Like America’s top 1%, most people know Scrooge McDuck as primarily a caricature of the wealthy, a miser, a greedy egoist whose only joy comes from the riches he’s accumulated. One thinks of his iconic dive into all the impossibidillions of coins hoarded away in his money bin like a pool. One thinks perhaps of the scene in Ducktales The Movie: Treasure of the Lost Lamp, in which Scrooge snatches a tiara encrusted with gems away from his niece Webby and hands her a presumably worthless old oil lamp to enjoy instead. One thinks of the many times in the monthly comic Uncle Scooge, in which he exploits his own family and friends for back breaking physical tasks for ten cents an hour. However, to say Scrooge McDuck—or likewise America’s modern elite—is simply a miser would be overly reductive.

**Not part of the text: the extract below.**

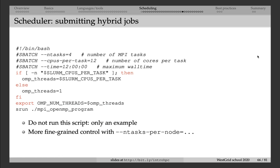This example shows you a batch script for a hybrid job. So here I'm asking for four MPI tasks. And then in each MPI task, I'm asking for 12 cores. So that means that the total number of CPU cores is going to be four times 12, which is 48.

Scrooge, like four of the Forbes top ten wealthiest Americans (Bill Gates, Mark Zuckerburg, etc) is a self-made duck, starting his long road to success by shining shoes in his native Glasgow at the age of ten. In the comic The Life and Times of Scrooge McDuck by Don Rosa, as he sets out to begin his first job ever, his father schemes to teach his son a valuable lesson about trust. He pays a man with superfluously muddy boots to get his shoes shined by Scrooge, but to then pay for the service with an American dime, useless currency in Scotland. Needless to say, Scrooge is outraged. He says, “This should be a lesson! Life is filled with tough jobs, and there’ll always be sharpies to cheat me!” Then he proclaims his most famous motto: “Well I’ll be tougher than the toughies and smarter than the smarties—and I’ll make my money square!” He realizes that the world is filled with cheats, scoundrels, and human (er, duck) refuse, and the way to rise above them is via the accumulation of wealth. That dime, his number one dime, becomes his inspiration.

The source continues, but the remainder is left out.